[Data records]
- Opening Delimiter -

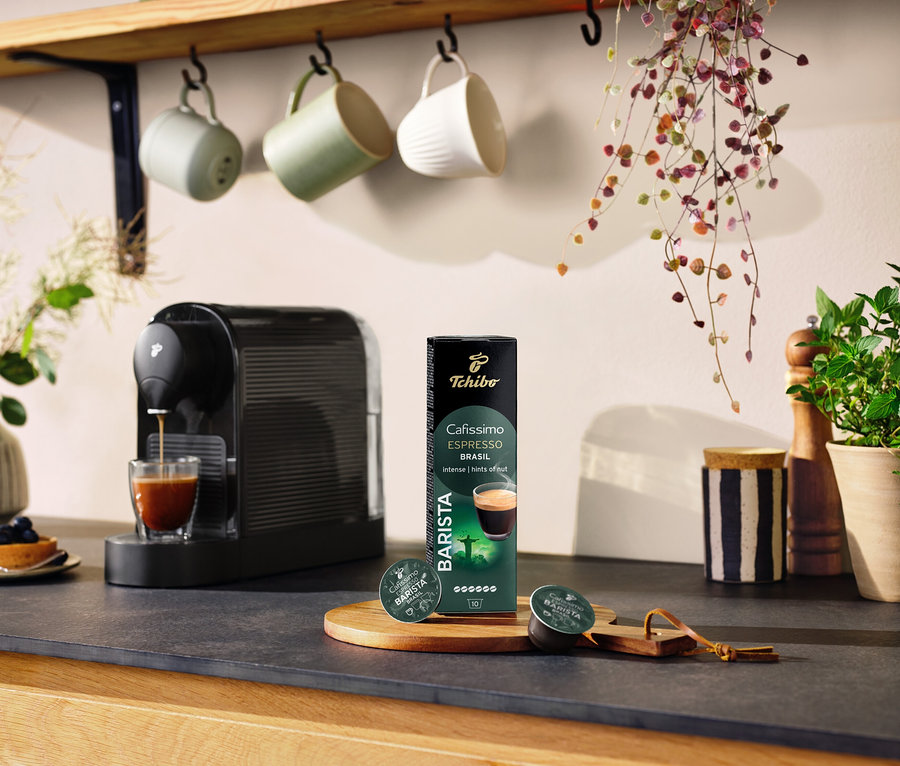 Černý kávovar připravuje kávu do sklenice vedle balení kapslí Espresso Brasil – 10 kapslí.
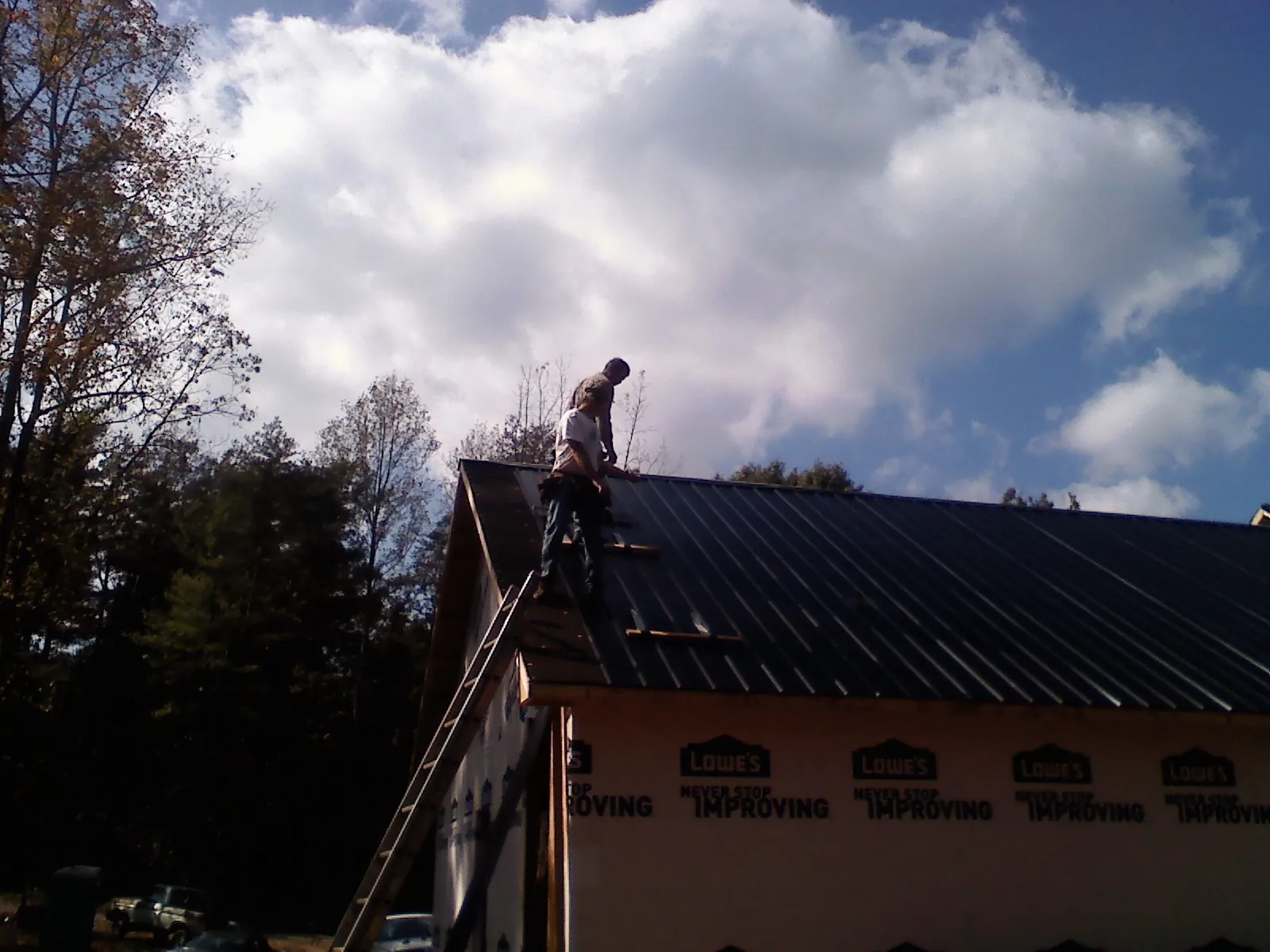 Roofer fastening dark metal panels high against a cloudy sky, from a Roof Inspection job in Chokoloskee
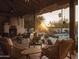 Relaxing backyard patio with comfortable seating and a view of the sparkling pool at sunset at 4747 E Arroyo Verde Dr, Paradise Valley, AZ 85253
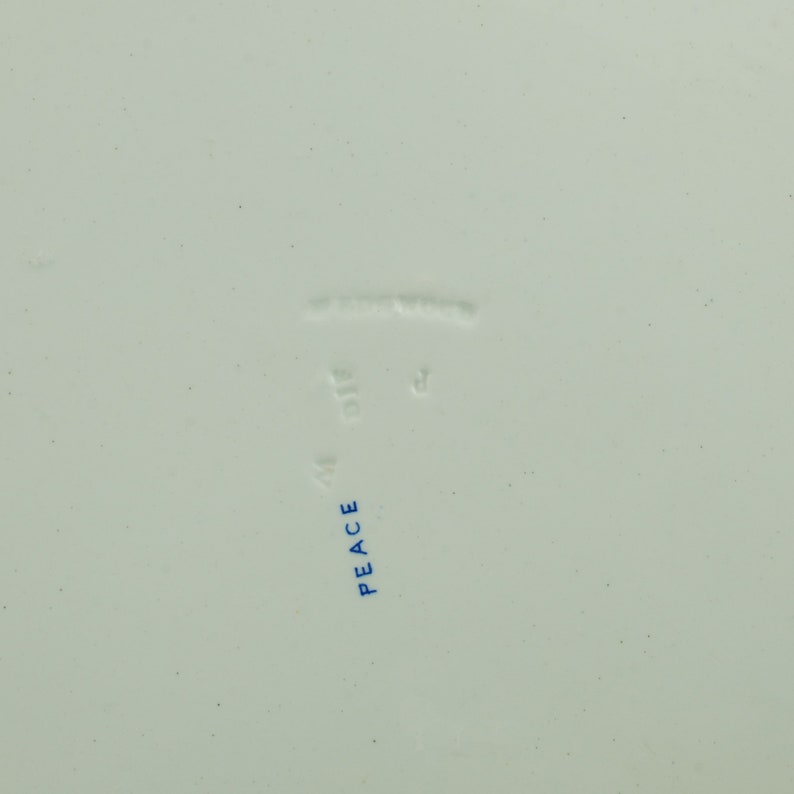 May include: Close-up of the bottom of a white ceramic plate with blue text that reads "PEACE" and "MADE IN ENGLAND".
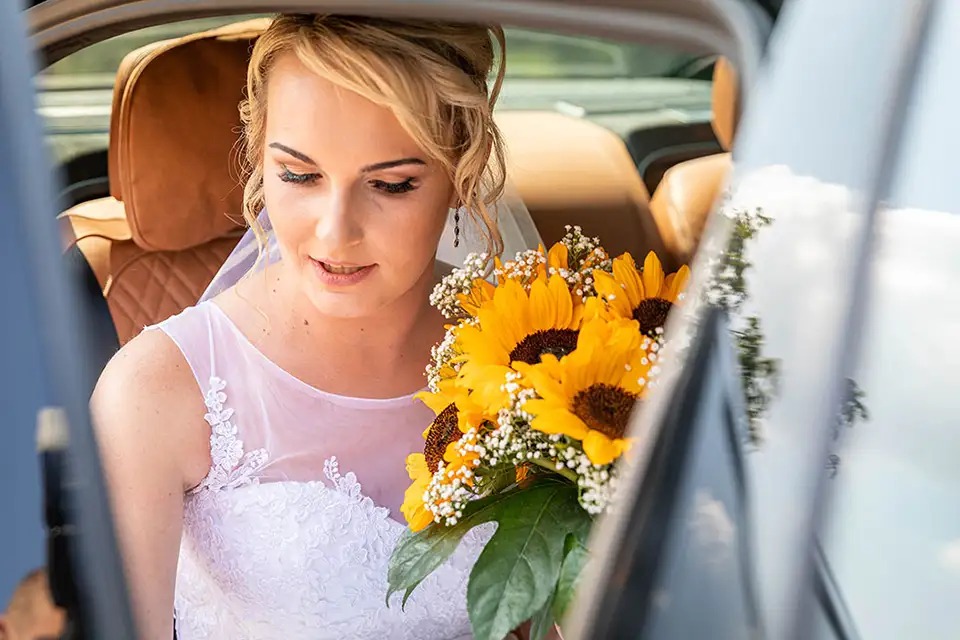 Panna młoda w sukni ślubnej z bukietem słoneczników siedząca w samochodzie z brązową skórzaną tapicerką.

- Closing Delimiter -

> **Work item**
Send back every line above exactly, skipping all pictures.

> **Written response**
 Černý kávovar připravuje kávu do sklenice vedle balení kapslí Espresso Brasil – 10 kapslí.
 Roofer fastening dark metal panels high against a cloudy sky, from a Roof Inspection job in Chokoloskee
 Relaxing backyard patio with comfortable seating and a view of the sparkling pool at sunset at 4747 E Arroyo Verde Dr, Paradise Valley, AZ 85253
 May include: Close-up of the bottom of a white ceramic plate with blue text that reads "PEACE" and "MADE IN ENGLAND".
 Panna młoda w sukni ślubnej z bukietem słoneczników siedząca w samochodzie z brązową skórzaną tapicerką.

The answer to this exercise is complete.